A requirement of my insurance company was to have a burglar alarm and fire alarm for detecting rising heat. I had planned on doing this anyway. My shop is about 75% documented. I hope to get it completed pretty soon.

helluvawreck aka Charles
http://woodworkingexpo.wordpress.com


----------



## BigMig (Mar 31, 2011)

Wow; thanks for the idea. I had not thought of documenting my shop contents/tools, etc.


----------



## lepelerin (Jan 13, 2012)

From my insurance company I was advised to have a list and a picture of every tools in my shop (brand, model, serial number ….) and a list of the wood I had. I do not have a lot of tools and basically no fancy wood, so that was easy to do.

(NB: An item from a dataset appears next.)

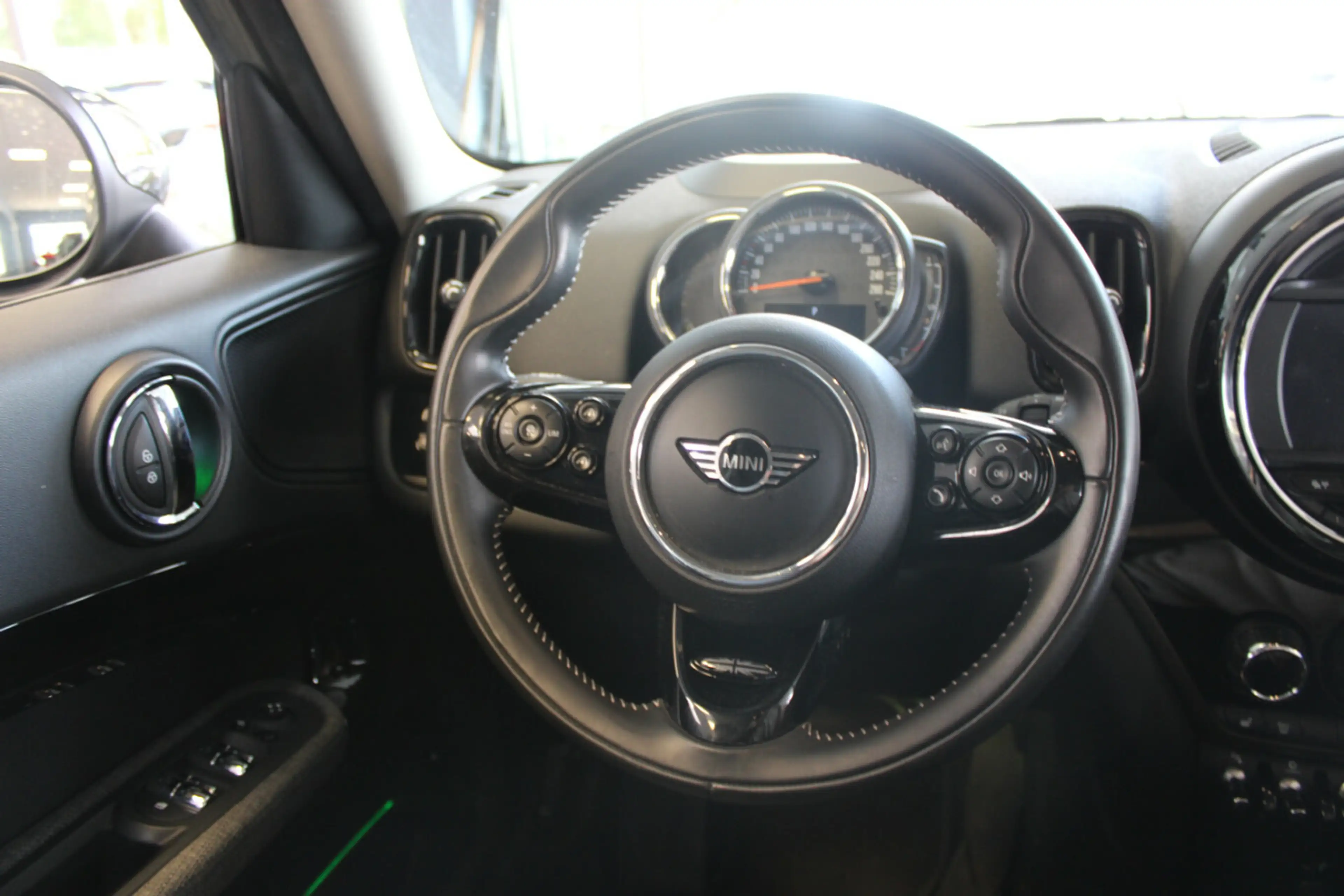 MINI Cooper SE Countryman All4 Aut. — photo 9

Once the initial list is done it's easy to maintain. I rarely buy new tools. As a precaution keep that list outside of your house just in case. Email it to yourself …


----------



## Hybridwoodworker (Jul 24, 2012)

You can use Evernote to make the inventory and add a photo to each note. I keep the entire inventory, garage and house on a USB drive in a safe deposit box. In general the smoke detector will not trigger due to dust right away, it takes time for the dust to build up, I have thought about using a cheap one and replacing it every year but couldn't hear it in the house anyway. The rate of rise detectors are fairly sensitive. I have not checked mine but years ago I had to test some and all we did was hold our hand on the detector. If you try this just be certain to call your alarm company first.

BRuce


----------



## Tim457 (Jan 11, 2013)

Mentioned some of this in the other thread. Hopefully someone with more insurance industry experience will chime in, but check with your insurance company and try to get it in writing what will be good enough evidence of what you had in case of a loss. It may vary by company and by state or country of course. Bring in a copy of your policy and ask them to show you specifically what evidence is required. Unfortunately they will tend to understate what is needed and if you don't have it in writing you don't have much to go on. Typically photos and an inventory list should be enough, but I had a friend that had a major theft of most of his tools and the insurance company was a huge pain about anything he didn't have receipts for. Who keeps receipts for every tool forever? He ended up having to get written reference letters from several friends stating how long they knew him and why he had so many tools. It wasn't even a really high amount maybe $20-30k in auto and woodworking tools. He probably didn't have as good a tool inventory and pictures as he should have either.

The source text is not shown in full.